The race starts on 5th July and is made up of 21 stages over a total distance of 3,664 kilometres. This year it starts in Yorkshire, makes its way to London. They fly to France, continues on taking a minor detour in to Belgium, then on down to the French Alps, on into the Pyranees where it skirts into Spain, down from the mountains to Bergerac where the individual TT is held after all that mountain climbing!!! then they fly up to Paris for the grand finale on the Champs-Élysées on 27th July.
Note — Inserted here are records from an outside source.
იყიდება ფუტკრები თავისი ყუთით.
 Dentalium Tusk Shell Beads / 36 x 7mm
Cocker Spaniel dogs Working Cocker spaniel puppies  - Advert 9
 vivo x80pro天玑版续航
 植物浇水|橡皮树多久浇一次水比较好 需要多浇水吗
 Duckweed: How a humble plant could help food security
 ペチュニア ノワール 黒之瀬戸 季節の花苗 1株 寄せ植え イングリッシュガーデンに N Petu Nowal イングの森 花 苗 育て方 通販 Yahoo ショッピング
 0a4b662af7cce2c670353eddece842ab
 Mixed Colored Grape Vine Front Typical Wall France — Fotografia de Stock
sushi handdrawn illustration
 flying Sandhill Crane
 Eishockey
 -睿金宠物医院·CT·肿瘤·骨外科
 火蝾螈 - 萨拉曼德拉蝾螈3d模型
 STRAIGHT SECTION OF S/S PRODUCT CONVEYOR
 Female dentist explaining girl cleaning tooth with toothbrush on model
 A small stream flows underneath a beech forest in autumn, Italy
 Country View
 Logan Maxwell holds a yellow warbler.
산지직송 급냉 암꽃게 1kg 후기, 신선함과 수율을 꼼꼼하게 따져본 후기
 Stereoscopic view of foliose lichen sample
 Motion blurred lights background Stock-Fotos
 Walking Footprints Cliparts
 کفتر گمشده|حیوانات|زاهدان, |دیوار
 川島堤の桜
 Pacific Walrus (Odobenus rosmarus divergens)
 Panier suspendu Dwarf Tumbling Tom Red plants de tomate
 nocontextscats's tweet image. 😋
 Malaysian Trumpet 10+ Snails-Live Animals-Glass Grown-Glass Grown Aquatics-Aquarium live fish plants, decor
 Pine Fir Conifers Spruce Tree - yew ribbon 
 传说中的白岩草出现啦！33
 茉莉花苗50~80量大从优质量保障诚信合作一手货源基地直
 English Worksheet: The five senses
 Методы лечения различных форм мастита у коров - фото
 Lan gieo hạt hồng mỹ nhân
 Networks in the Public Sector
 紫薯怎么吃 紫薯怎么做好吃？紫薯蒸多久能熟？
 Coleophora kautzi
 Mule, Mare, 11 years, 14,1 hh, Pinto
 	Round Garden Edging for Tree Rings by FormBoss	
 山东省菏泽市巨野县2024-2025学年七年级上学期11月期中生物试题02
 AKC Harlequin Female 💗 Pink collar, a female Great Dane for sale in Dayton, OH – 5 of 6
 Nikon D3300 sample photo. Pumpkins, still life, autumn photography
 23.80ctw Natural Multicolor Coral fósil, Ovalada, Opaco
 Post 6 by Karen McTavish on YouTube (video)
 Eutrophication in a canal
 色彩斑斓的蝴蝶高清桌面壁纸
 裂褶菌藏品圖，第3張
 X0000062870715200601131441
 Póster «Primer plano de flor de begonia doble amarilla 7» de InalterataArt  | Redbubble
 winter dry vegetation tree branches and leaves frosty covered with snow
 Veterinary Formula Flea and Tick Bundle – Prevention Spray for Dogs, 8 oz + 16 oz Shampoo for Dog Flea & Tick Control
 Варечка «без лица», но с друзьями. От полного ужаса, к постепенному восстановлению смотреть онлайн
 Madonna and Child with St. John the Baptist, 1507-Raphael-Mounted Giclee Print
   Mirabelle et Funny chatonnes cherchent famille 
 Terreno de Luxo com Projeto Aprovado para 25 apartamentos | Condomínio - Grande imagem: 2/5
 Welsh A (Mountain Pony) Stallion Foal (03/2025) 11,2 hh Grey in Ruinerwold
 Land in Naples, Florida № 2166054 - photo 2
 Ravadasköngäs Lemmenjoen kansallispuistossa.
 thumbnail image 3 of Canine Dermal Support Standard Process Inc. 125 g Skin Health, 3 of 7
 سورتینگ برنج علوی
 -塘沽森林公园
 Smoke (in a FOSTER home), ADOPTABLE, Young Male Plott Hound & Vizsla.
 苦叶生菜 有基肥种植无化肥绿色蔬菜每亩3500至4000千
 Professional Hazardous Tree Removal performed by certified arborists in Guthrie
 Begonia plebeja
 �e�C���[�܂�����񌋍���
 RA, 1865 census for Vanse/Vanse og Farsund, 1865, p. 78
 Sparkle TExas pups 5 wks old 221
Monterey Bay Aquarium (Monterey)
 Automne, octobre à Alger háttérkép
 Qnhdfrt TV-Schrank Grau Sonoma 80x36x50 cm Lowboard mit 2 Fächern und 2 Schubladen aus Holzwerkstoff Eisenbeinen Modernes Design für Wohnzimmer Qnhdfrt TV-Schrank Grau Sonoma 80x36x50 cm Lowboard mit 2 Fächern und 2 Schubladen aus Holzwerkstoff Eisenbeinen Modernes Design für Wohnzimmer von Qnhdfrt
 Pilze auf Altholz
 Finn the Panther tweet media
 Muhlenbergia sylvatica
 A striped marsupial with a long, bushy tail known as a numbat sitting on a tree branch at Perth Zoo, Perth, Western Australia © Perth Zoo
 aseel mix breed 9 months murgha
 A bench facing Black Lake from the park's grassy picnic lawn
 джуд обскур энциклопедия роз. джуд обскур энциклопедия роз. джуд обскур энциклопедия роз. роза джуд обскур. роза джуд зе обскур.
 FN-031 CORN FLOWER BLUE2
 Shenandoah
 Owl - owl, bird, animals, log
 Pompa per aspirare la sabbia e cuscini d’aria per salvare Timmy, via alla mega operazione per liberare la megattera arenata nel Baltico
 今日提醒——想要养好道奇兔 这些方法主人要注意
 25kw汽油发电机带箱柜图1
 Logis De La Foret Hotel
Bells & whistles!
The races comprises 9 flat stages, 5 hill stages (I think Jebel Hafeet would be considered ‘a hill’ in the Tour), 6 mountain stages with 5 altitude finishes – up to 2360m, there’s 3 days of climbing through the Alps (stage 10, 13 & 14) and 3 days in the Pyrenees (stage 16, 17 & 18).
There’s 1 individual time trial stage (stage 20) is a 54km TT on what I suspect would be tired legs after all those mountain climbs in the preceding days, however Stage 19 is c.200km of relative flatness.
There are 2 well deserved rest days over the course of the race – they ride for 10 days, then have a day off, then ride another 5 days, day off, and complete the remaining 6 stages.
Phil Liggett and his offsider Paul Sherwin are the voices of cycling, in particular Liggett who is famed for his Tour de France commentary, with colourful expressions about riders or racing conditions with often literary overtones, providing a tourists guide to France along the way.